Changes made by Google impacted Edge performance, he says

Dec 18, 2018 06:36 GMT  ·  By

The failure of Microsoft Edge was finally acknowledged by Microsoft a few weeks ago when the company confirmed that it’s switching to the Chromium browsing engine and thus giving up on its very own EdgeHTML.

And while opinions on whether this is a good thing or not are still mixed, a lot has been said about the reasons Microsoft Edge eventually turned out to be just a failed browser.

But as far as a former Microsoft software engineering intern is concerned, Google itself is also responsible for the decision to abandon EdgeHTML. Joshua Bakita, who was an intern on the Microsoft Edge team, says in a post on Hacker News that the frequent changes Google made to its web apps broke down compatibility in the other web browsers, including Microsoft’s.

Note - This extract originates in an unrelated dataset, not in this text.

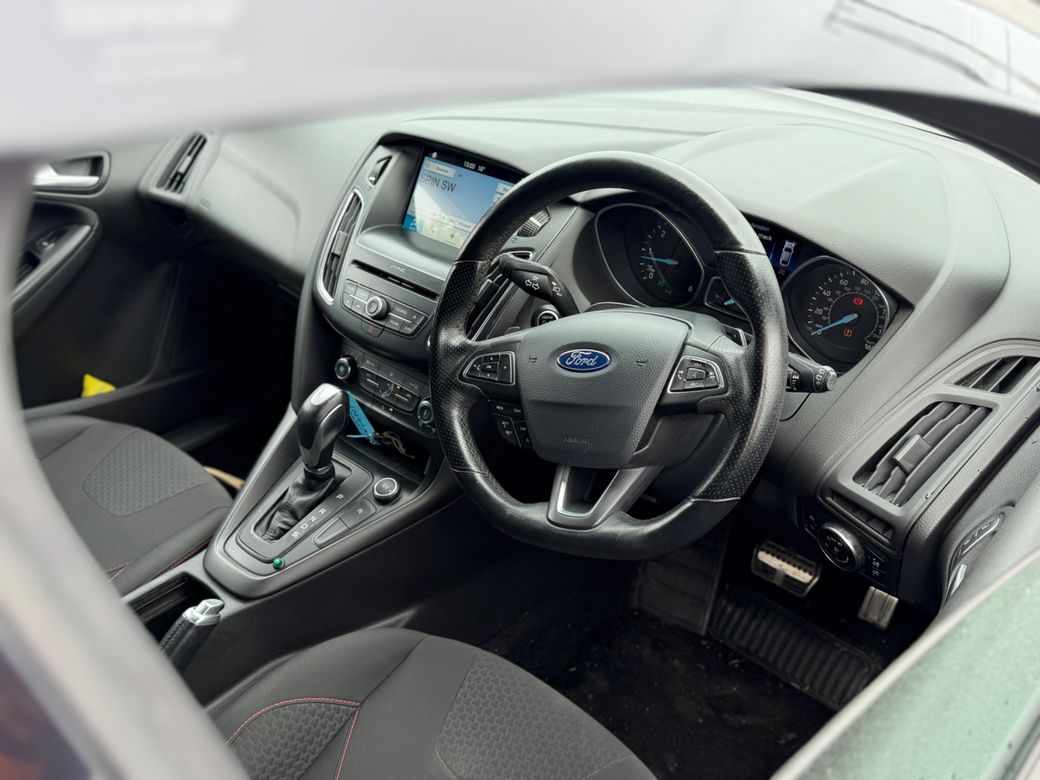 2017 Ford Focus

“I very recently worked on the Edge team, and one of the reasons we decided to end EdgeHTML was because Google kept making changes to its sites that broke other browsers, and we couldn't keep up. For example, they recently added a hidden empty div over YouTube videos that causes our hardware acceleration fast-path to bail (should now be fixed in Win10 Oct update),” he explains in his post.

“Prior to that, our fairly state-of-the-art video acceleration put us well ahead of Chrome on video playback time on battery, but almost the instant they broke things on YouTube, they started advertising Chrome's dominance over Edge on video-watching battery life. What makes it so sad, is that their claimed dominance was not due to ingenious optimization work by Chrome, but due to a failure of YouTube. On the whole, they only made the web slower.”

“Intentional” change

At the same time, the former Microsoft intern says everything was intentional and Google’s teams even refused to provide more information on the changes they made to their services.

“Now while I'm not sure I'm convinced that YouTube was changed intentionally to slow Edge, many of my co-workers are quite convinced - and they're the ones who looked into it personally. To add to this all, when we asked, YouTube turned down our request to remove the hidden empty div and did not elaborate further,” he added, suggested this happened in more than just one case.

Microsoft is migrating to Chromium and all these compatibility issues would go away, as the changes that Google makes apply to all browsers relying on this engine.

This is why Chromium-based browsers are easier to maintain, and with Microsoft moving in this direction, the company can make sure that Google won’t be evil with its Windows 10 default. Or, at least, not as evil as before.